1. Requirements Notation . . . . . . . . . . . . . . . . . . . . 2
2. Introduction . . . . . . . . . . . . . . . . . . . . . . . . 2
3. Terminology . . . . . . . . . . . . . . . . . . . . . . . . . 3
4. Overview . . . . . . . . . . . . . . . . . . . . . . . . . . 4
5. Pointer to a list of Resolving Domains . . . . . . . . . . . 5
6. Discovery of Resolving Services . . . . . . . . . . . . . . . 6
7. TTL . . . . . . . . . . . . . . . . . . . . . . . . . . . . . 7
8. SvcParamKey . . . . . . . . . . . . . . . . . . . . . . . . . 7
9. Resolver advertising other service sub type . . . . . . . . . 8
10. Migration to service sub types . . . . . . . . . . . . . . . 8
11. Security Considerations . . . . . . . . . . . . . . . . . . . 8
11.1. Use of protected channel is RECOMMENDED . . . . . . . . 8
11.2. DNSSEC is RECOMMENDED . . . . . . . . . . . . . . . . . 9
11.3. TLSA is RECOMMENDED . . . . . . . . . . . . . . . . . . 10
12. Privacy Considerations . . . . . . . . . . . . . . . . . . . 10
13. IANA Considerations . . . . . . . . . . . . . . . . . . . . . 11
14. Acknowledgments . . . . . . . . . . . . . . . . . . . . . . . 11
15. Appendices . . . . . . . . . . . . . . . . . . . . . . . . . 12
15.1. DRDP Requirements . . . . . . . . . . . . . . . . . . . 12
15.2. Discovery of specific service instance . . . . . . . . . 13
16. References . . . . . . . . . . . . . . . . . . . . . . . . . 14
16.1. Normative References . . . . . . . . . . . . . . . . . . 14
16.2. Informative References . . . . . . . . . . . . . . . . . 14
Author's Address . . . . . . . . . . . . . . . . . . . . . . . . 15
1. Requirements Notation
The key words "MUST", "MUST NOT", "REQUIRED", "SHALL", "SHALL NOT",
"SHOULD", "SHOULD NOT", "RECOMMENDED", "NOT RECOMMENDED", "MAY", and
"OPTIONAL" in this document are to be interpreted as described in
BCP 14 [RFC2119] [RFC8174] when, and only when, they appear in all
capitals, as shown here.
2. Introduction
A DNS client can proceed to DNS resolution using various resolving
services.
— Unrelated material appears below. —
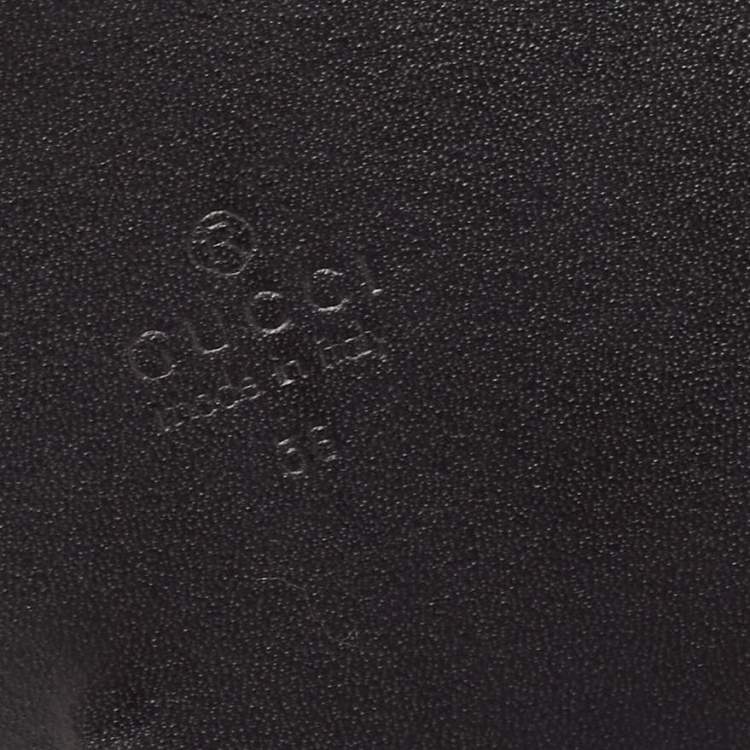 Pre Owned Gucci Black Leather Wide Waist Belt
These services can be local or global and can use a wide
range of DNS transport protocols such as, for example, standard DNS
[RFC1035], DNS over TLS [RFC7858] or DNS over HTTPS [RFC8484]. The
local scope of these services may take various forms. For example,
it could be associated to a network perspective ( restricted to the
network the DNS client is connected to ) or to an application
perspective ( restricted to some domain names ).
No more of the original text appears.